Dukungan Front Nahdliyin untuk Kedaulatan Sumber Daya Alam (FN-KSDA) terhadap Gerakan Samarinda Menggugat (GSM)
Kami warga Nahdliyin yang tergabung dalam FN-KSDA, sebuah organisasi yang berisikan warga, aktivis organisasi sosial, dan akademisi dari berbagai daerah di Indonesia, dengan ini menyatakan dukungan terhadap GSM, sebuah gerakan penggugatan oleh warga negara agar pemerintah melakukan penegakan hukum yang ada.
Dukungan ini kami sampaikan mengingat pentingnya substansi gugatan warga kota Samarinda, Provinsi Kalimantan Timur (Kaltim) yang tergabung dalam GSM terhadap Walikota Samarinda, Dewan Perwakilan Rakyat Daerah (DPRD) Kota Samarinda, Gubernur Kaltim, Menteri Energi dan Sumber Daya Mineral (ESDM) Republik Indonesia (RI), dan Menteri Lingkungan Hidup (LH) RI.
Adapun poin gugatan adalah memburuknya kualitas hidup warga Kota Samarinda akibat terjadinya perubahan iklim yang terjadi karena, salah satunya, diberikannya izin Kuasa Pertambangan eksploitasi dan penyelidikan umum pertambangan batubara di Kota Samarinda yang sampai pada tahun 2008 sudah mencapai hampir 25 ribu hektar.
Eksploitasi batubara telah menyebabkan lepasnya gas metan, salah satu gas rumah kaca (GRK), ke atmosfer.

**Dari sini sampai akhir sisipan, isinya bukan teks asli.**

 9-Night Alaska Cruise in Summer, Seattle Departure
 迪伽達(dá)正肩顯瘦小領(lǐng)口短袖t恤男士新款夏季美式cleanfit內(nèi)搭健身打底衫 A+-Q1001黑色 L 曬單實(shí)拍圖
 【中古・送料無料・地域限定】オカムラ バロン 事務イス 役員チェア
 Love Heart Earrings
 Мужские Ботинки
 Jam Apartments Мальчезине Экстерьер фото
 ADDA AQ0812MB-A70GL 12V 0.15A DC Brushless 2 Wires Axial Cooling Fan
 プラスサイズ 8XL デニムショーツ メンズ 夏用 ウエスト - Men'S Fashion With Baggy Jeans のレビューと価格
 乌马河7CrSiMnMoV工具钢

Akumulasi GRK telah menyebabkan terjadinya kenaikan suhu Bumi, dan pada akhirnya akan membahayakan penghidupan berupa: 1]mencairnya es di kutub yang akan menyebabkan naiknya muka air laut dan pada ujungnya akan menenggelamkan banyak pulau-pulau di Indonesia; 2]memperpanjang musim kemarau yang akan menurunkan debit air dan dengan demikian akan menurunkan pula produktivitas pertanian; 3]memperbanyak debit air pada musim penghujan yang pada akhirnya akan menyebabkan banjir; dan 4]meningkatkan wabah penyakit seperti malaria dan diare.

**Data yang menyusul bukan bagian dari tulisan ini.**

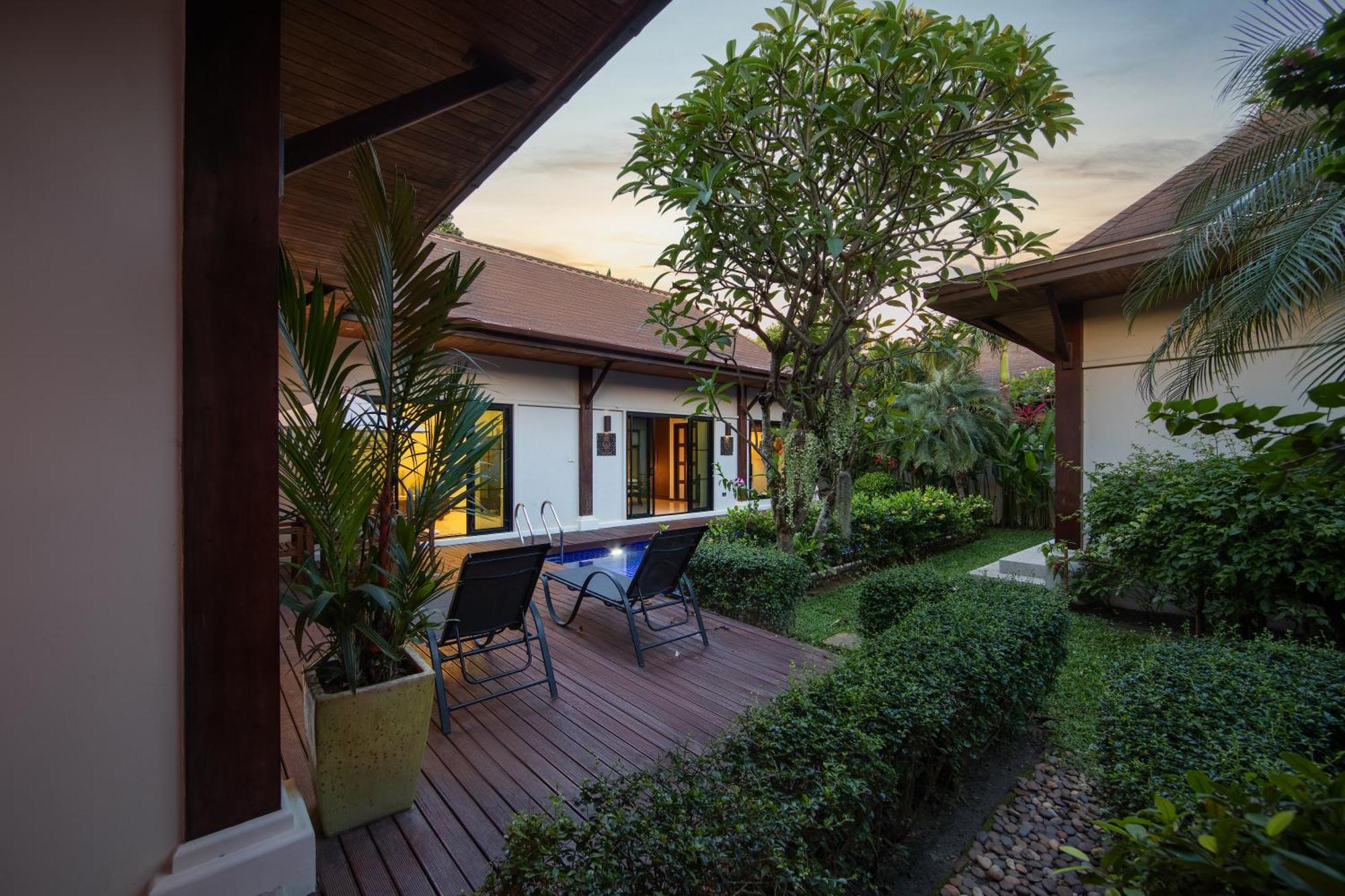Villa Kokyang Estate By Tropiclook Nai Harn Exterior foto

Dari keempat poin bahaya naiknya suhu Bumi di atas, salah satu kelompok awal yang paling merasakannya adalah kaum tani. Selain masalah perebutan lahan antara industri ekstraktif tambang batubara dengan penggunaan lahan untuk pertanian dan pemukiman, perubahan iklim pada dasarnya akan mengganggu siklus tanam, dan pada akhirnya akan menurunkan produktivitas pertanian karena petani semakin kesulitan menemukan tanaman yang cocok dan kalender tanam yang pas. Kondisi ekstrim kekeringan akan memicu gagal panen, sementara di sisi lain, banjir akan menghancurkan lahan-lahan pertanian. Dengan demikian, masalah ini sebenarnya adalah masalah bersama seluruh manusia, karena pada dasarnya setiap kita tergantung pada bahan makanan yang diproduksi dari tanah-tanah pertanian.

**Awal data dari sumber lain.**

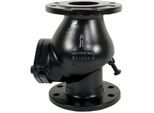 Jung Pumpen Rückschlagklappe R 80, PN4, JP00706 Flansch PN 10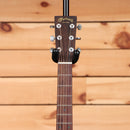 Martin 000X2E concert acoustic guitar Brazilian natural with rosewood fretboard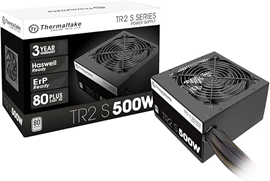 Thermaltake TR2 S 500W Netzteil für 34,90€ (Vergleich: 44,37€)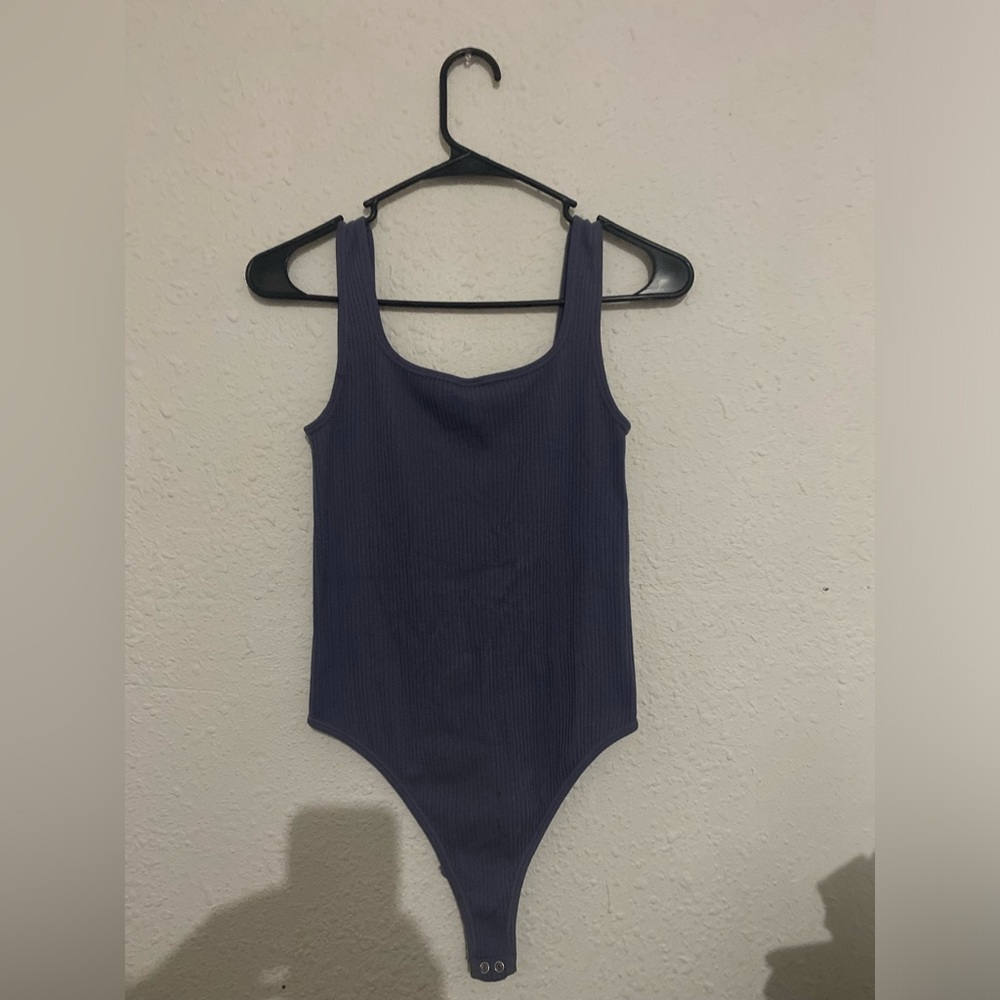 Women's Purple Bodysuit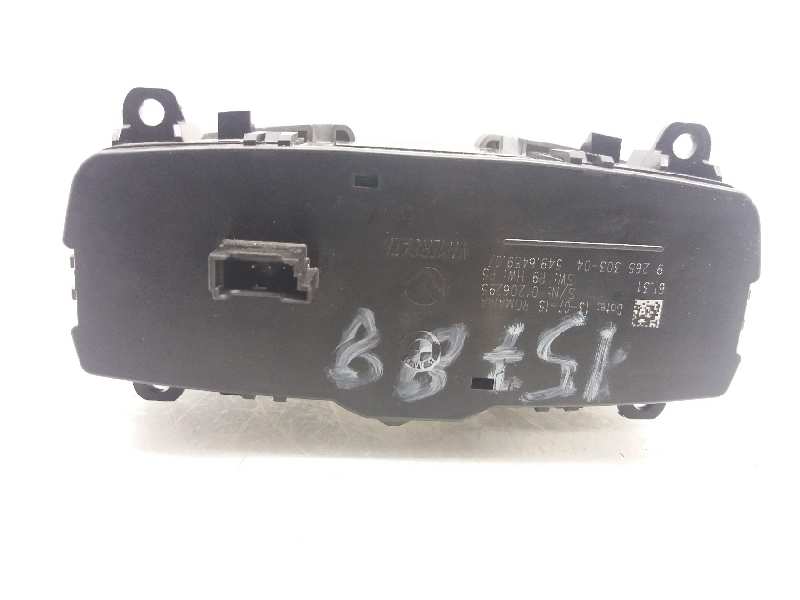 BMW 1 Series F20/F21 (2011-2020) Šviesų jungiklis (jungtukas) 926530304 20185544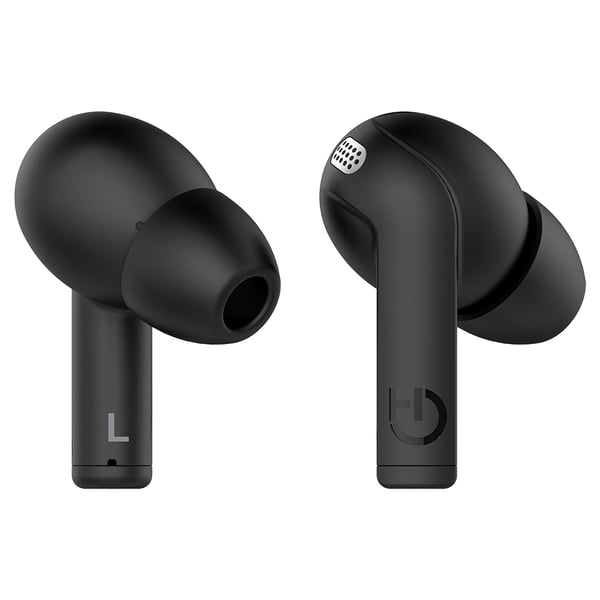 Hiditec FENIX Headset True Wireless Stereo (TWS) I ørerne Opkald/musik Bluetooth Sort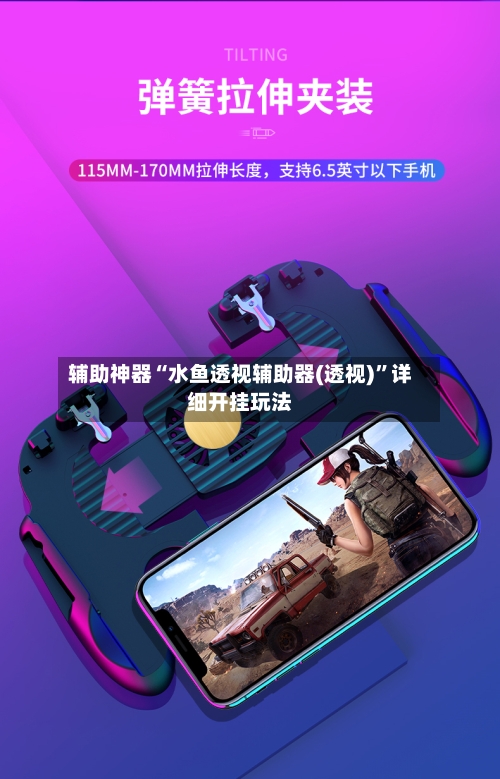 辅助神器“水鱼透视辅助器(透视)	”详细开挂玩法-第1张图片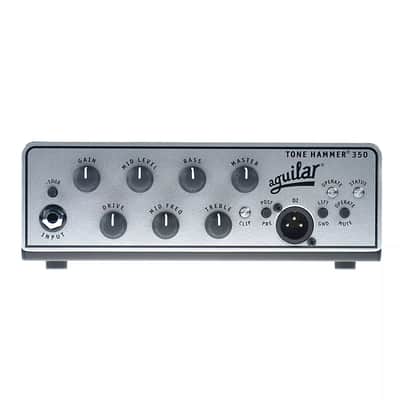 Aguilar Tone Hammer 350 350-Watt Bass Amp Head | Reverb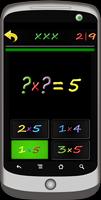 Multiplication Table:It's Easy syot layar 2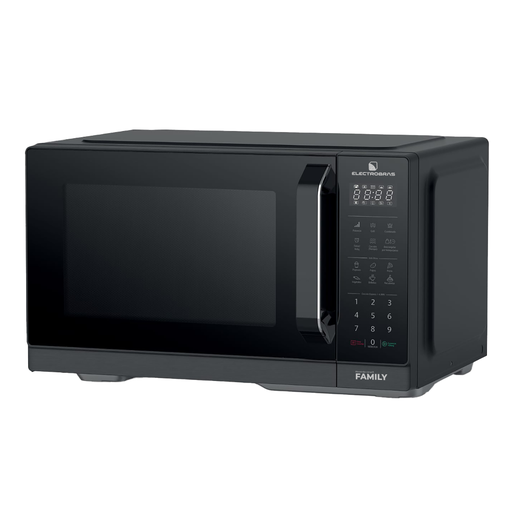 [HC21790] HORNO MICROONDAS 27L
CON GRILL EBHM27  ELECTROBRAS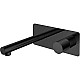 Купить Смеситель для раковины Boheme Stick 125-BB.2 Черный матовый в магазине сантехники Santeh-Crystal.ru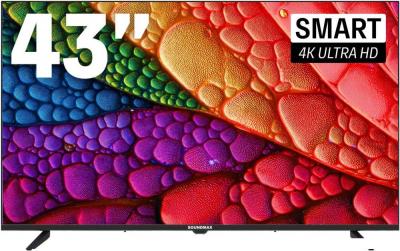 Телевизор Soundmax SM-LED43M04SU
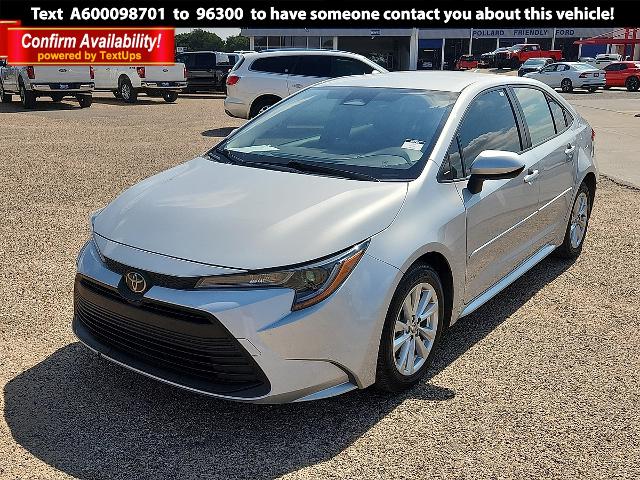 2023 Toyota Corolla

Kami sepakat bahwa para tergugat telah melanggar komitmen pemerintah untuk menurunkan emisi GRK seperti yang diamanatkan oleh Framework Convention on Climate Change (FCCC) yang telah diratifikasi Indonesia melalui UU 6/1994 tentang Pengesahan Konvensi Kerangka Kerja Perserikatan Bangsa-Bangsa Mengenai Perubahan Iklim; Protokol Kyoto yang telah diratifikasi oleh Indonesia melalui UU 17/ 2004 tentang Pengesahan Protokol Kyoto atas Konvensi Kerangka Kerja Perserikatan Bangsa-Bangsa Tentang Perubahan Iklim; serta pelanggaran terhadap beberapa resital hukum yang lain.
Kami menuntut agar proses pengadilan yang sudah berjalan di Pengadilan Negeri Samarinda sejak Juli 2013 dilaksanakan dengan keadilan penuh berdasarkan hukum, bukan kepentingan penguasa dan pengusaha.